>>
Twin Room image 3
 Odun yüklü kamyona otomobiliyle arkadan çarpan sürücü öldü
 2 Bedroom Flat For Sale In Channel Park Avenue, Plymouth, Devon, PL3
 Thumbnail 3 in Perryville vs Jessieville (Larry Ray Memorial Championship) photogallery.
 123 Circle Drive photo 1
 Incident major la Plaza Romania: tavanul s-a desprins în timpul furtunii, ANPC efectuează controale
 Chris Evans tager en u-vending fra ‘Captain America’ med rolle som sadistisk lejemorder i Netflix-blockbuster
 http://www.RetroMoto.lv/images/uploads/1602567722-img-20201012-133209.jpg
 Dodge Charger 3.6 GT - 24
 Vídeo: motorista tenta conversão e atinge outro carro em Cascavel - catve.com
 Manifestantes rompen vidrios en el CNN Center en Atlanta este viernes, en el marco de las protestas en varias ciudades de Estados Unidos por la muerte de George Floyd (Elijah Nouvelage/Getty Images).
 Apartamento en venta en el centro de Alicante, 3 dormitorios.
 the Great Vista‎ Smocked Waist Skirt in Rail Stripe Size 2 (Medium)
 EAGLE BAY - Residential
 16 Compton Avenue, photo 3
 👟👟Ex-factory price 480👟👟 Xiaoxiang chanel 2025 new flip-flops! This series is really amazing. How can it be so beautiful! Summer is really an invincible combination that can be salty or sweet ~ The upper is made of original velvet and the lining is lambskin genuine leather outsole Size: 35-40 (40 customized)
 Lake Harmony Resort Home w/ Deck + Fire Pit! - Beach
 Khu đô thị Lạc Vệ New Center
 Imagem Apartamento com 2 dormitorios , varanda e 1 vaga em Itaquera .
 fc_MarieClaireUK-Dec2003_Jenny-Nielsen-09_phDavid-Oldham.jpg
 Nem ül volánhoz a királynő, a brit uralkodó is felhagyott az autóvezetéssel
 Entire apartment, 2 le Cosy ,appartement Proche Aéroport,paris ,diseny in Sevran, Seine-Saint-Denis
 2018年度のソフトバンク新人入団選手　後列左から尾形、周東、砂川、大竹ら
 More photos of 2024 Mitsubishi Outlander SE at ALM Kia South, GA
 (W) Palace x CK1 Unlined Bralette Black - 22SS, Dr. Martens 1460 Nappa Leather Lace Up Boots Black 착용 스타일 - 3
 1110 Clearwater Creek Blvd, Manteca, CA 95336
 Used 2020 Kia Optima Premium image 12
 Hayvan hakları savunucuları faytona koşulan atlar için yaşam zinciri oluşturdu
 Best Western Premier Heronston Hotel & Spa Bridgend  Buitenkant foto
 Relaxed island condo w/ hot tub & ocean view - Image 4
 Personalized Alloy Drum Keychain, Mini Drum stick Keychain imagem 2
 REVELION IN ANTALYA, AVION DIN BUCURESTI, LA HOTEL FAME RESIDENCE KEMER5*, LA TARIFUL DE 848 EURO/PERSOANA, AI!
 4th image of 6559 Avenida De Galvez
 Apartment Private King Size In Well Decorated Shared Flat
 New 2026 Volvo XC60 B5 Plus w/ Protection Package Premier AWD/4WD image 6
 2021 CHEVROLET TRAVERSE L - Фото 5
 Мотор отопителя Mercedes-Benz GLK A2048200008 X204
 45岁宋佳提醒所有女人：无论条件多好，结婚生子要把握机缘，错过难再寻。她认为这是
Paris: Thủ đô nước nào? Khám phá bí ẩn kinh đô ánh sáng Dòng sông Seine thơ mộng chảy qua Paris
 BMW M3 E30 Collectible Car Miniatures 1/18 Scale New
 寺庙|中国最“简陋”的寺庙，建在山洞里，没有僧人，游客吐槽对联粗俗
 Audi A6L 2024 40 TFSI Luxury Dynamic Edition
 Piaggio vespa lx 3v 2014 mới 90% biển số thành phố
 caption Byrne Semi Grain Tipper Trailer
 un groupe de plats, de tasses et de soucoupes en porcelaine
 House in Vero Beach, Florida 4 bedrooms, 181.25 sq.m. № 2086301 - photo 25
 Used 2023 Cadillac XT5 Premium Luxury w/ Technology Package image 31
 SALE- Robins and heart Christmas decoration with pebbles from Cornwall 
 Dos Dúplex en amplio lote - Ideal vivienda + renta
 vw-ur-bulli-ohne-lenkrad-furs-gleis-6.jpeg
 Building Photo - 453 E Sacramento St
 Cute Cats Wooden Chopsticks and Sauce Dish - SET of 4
<<
_ACTIVITY:_
Find the line containing "un groupe de" in the material above. Print it and every line after it through the end, exactly and only those.

_FINAL ANSWER:_
 un groupe de plats, de tasses et de soucoupes en porcelaine
 House in Vero Beach, Florida 4 bedrooms, 181.25 sq.m. № 2086301 - photo 25
 Used 2023 Cadillac XT5 Premium Luxury w/ Technology Package image 31
 SALE- Robins and heart Christmas decoration with pebbles from Cornwall 
 Dos Dúplex en amplio lote - Ideal vivienda + renta
 vw-ur-bulli-ohne-lenkrad-furs-gleis-6.jpeg
 Building Photo - 453 E Sacramento St
 Cute Cats Wooden Chopsticks and Sauce Dish - SET of 4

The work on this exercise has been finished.